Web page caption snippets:

....

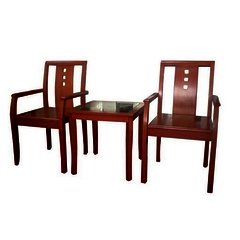 Hotel table
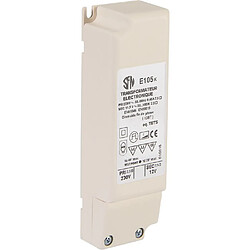 Transformateur électronique halogène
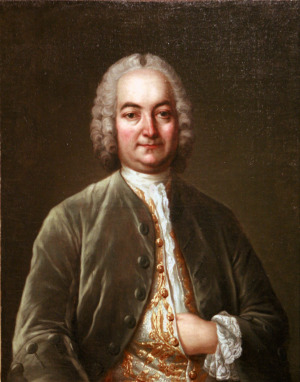 Portrait de Jean Jacques Bérard (1751 - 1817)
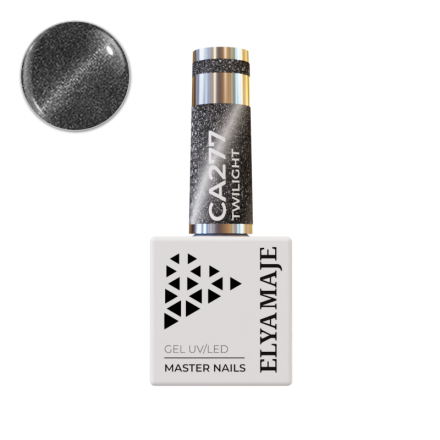 N° 277 – Twilight – CAT EYES – Vernis Semi-Permanent – Elyamaje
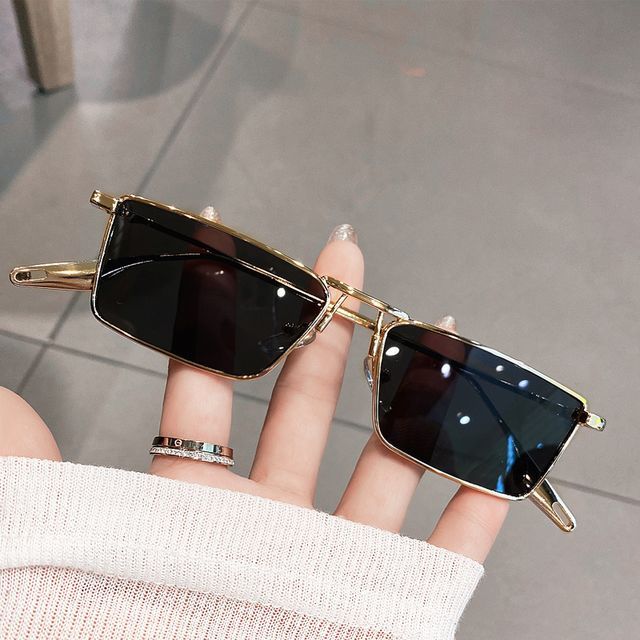 MOL Girl-Square Sunglasses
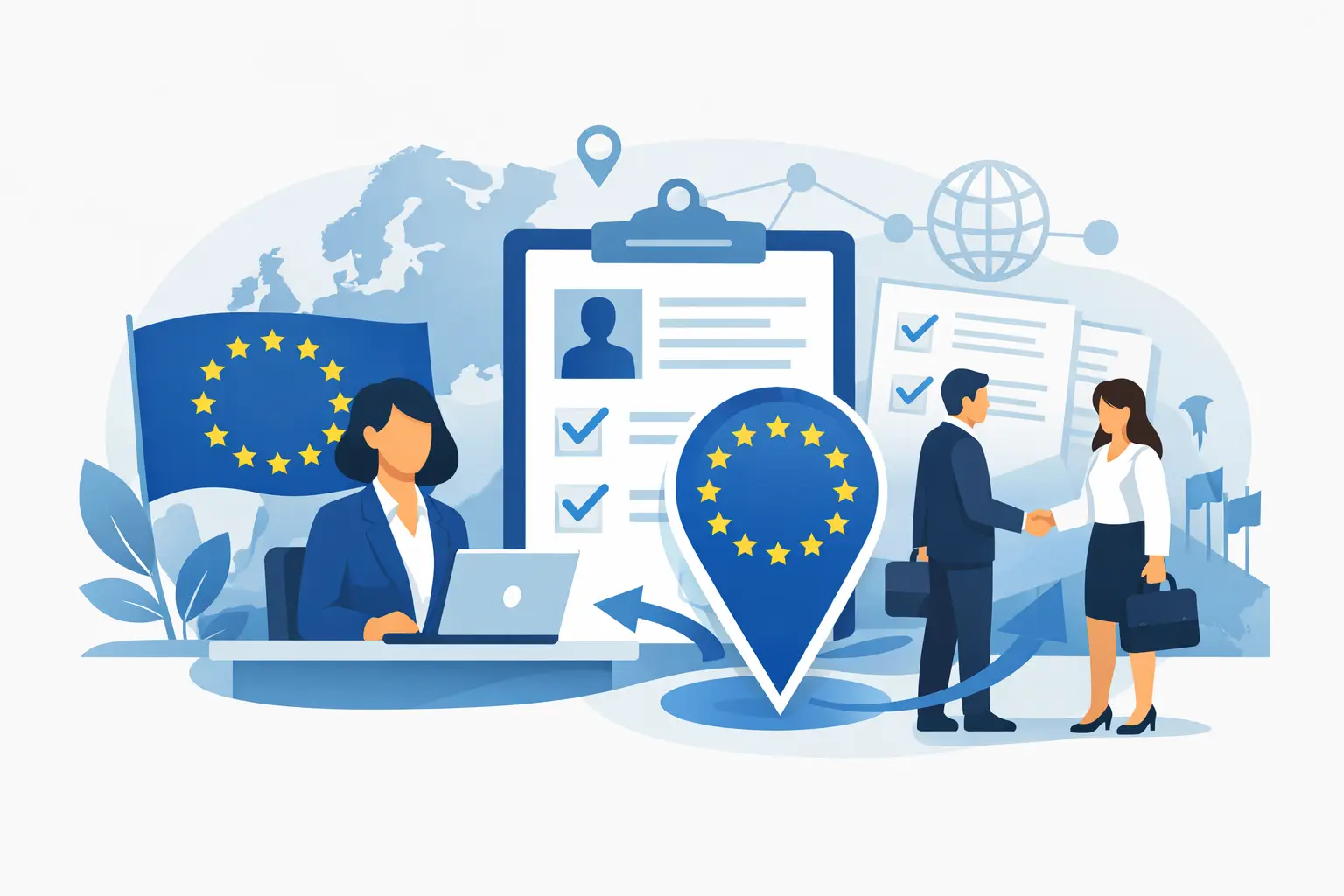How to Appoint EU Representative Correctly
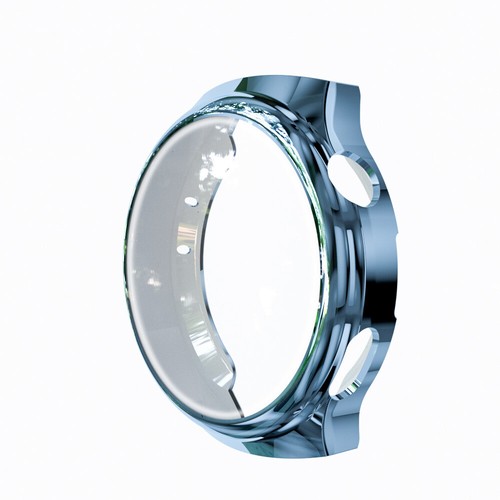 Soft TPU Screen Protector Case Watch Cover For Huawei Watch 4/ Watch4 Pro Bumper - Picture 15 of 19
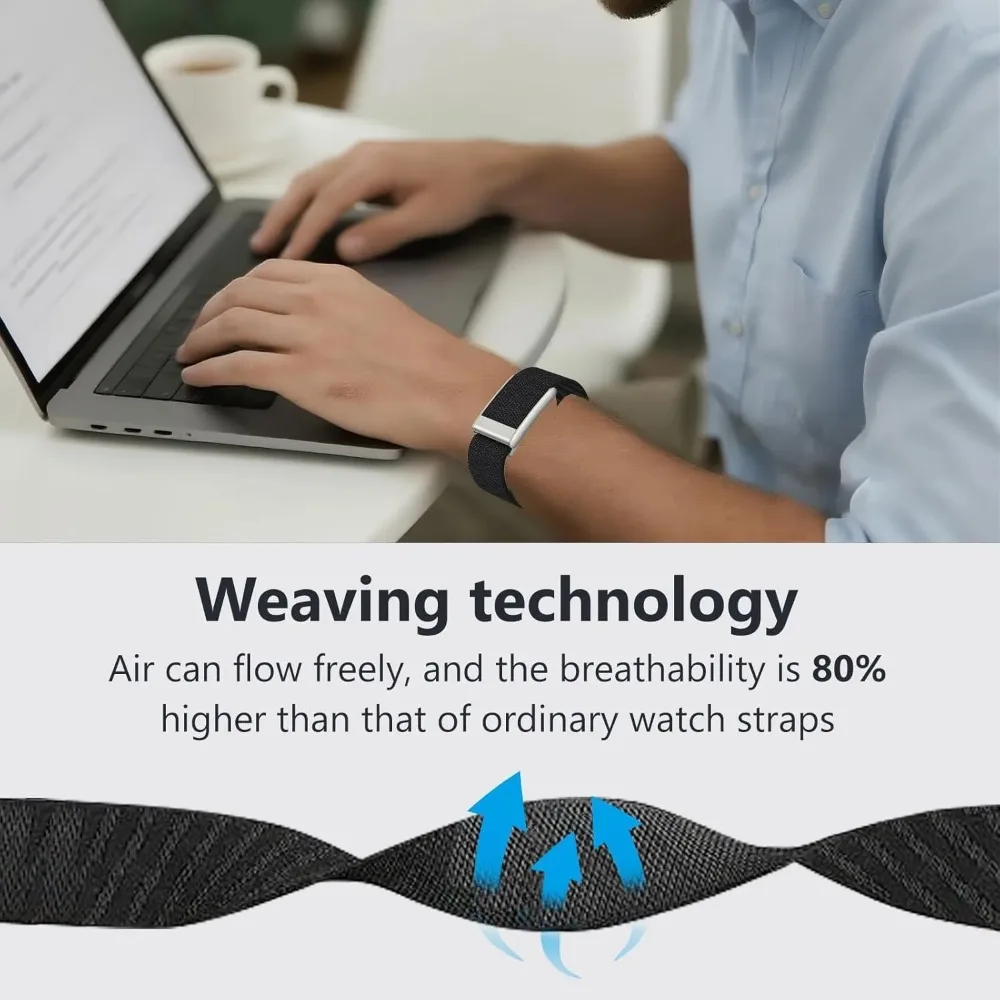 Sport Siliconen Horlogeband voor Whoop 5.0 MG Polsband Horlogeband Armband voor Whoop 5.0 Ademende Vervanging Band Accessoires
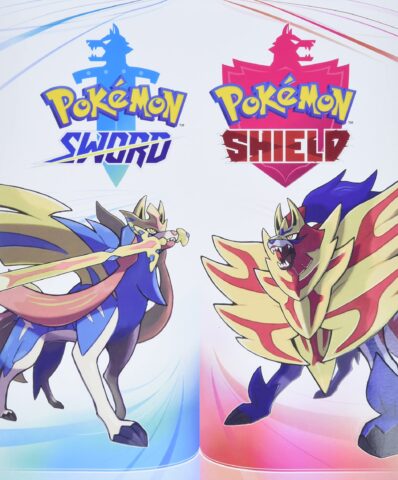 โหลดเกม Pokémon Sword/Shield [EMU] 8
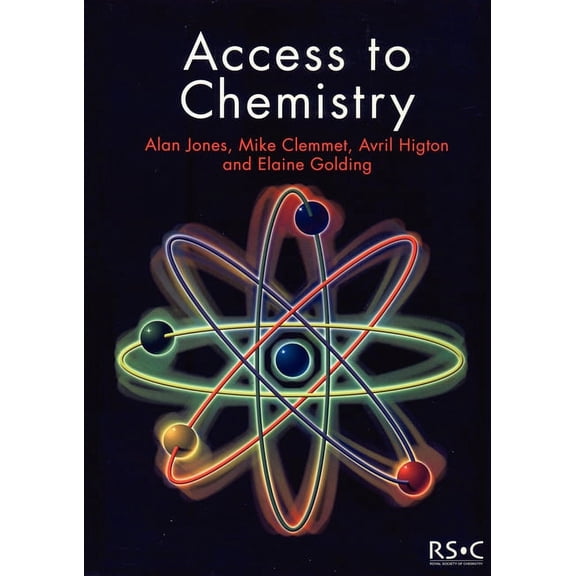 Access to Chemistry, (Paperback)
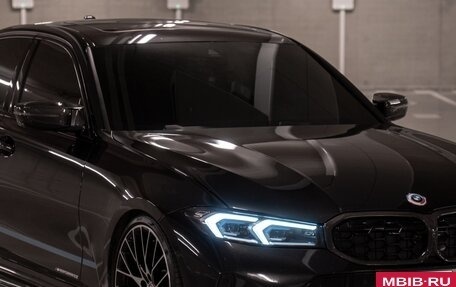 BMW 3 серия, 2019 год, 3 900 000 рублей, 17 фотография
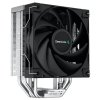 DEEPCOOL chladič AK400 / 120mm fan / 4x heatpipes / PWM / pro Intel i AMD R-AK400-BKNNMN-G-1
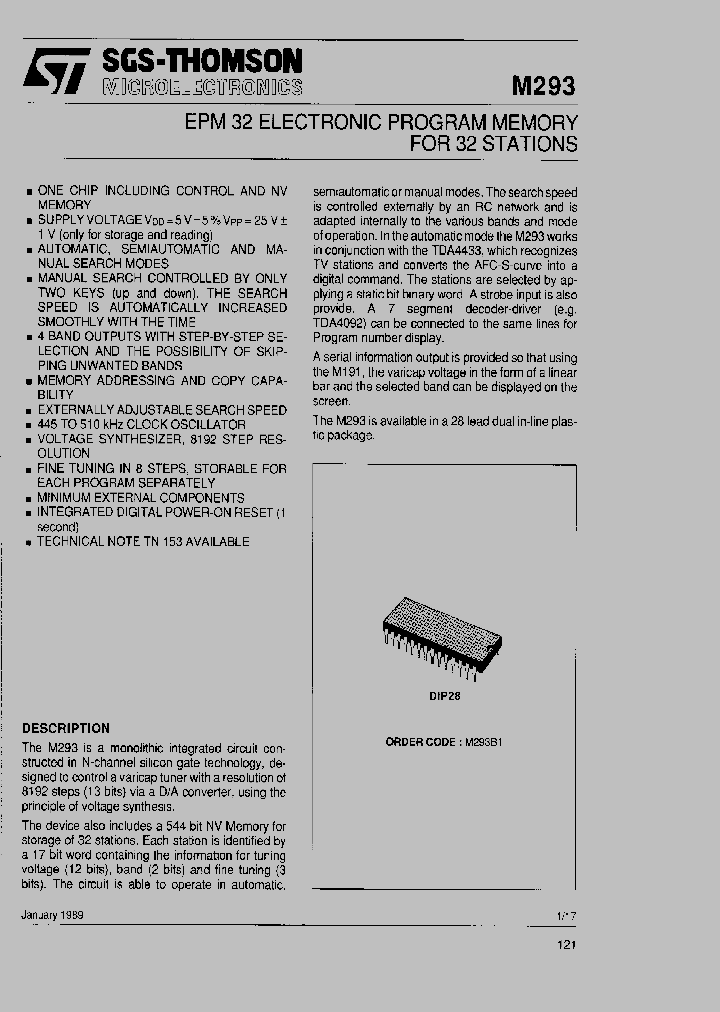 M293B1_917705.PDF Datasheet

....

→ **What needs to be done**
Copy the lines above exactly, starting at the one with "Transformateur électronique halogène" and ending at the one with "How to Appoint EU Representative Correctly", both included. Leave out any pictures and add nothing else.

→ **Output of the task**
 Transformateur électronique halogène
 Portrait de Jean Jacques Bérard (1751 - 1817)
 N° 277 – Twilight – CAT EYES – Vernis Semi-Permanent – Elyamaje
 MOL Girl-Square Sunglasses
How to Appoint EU Representative Correctly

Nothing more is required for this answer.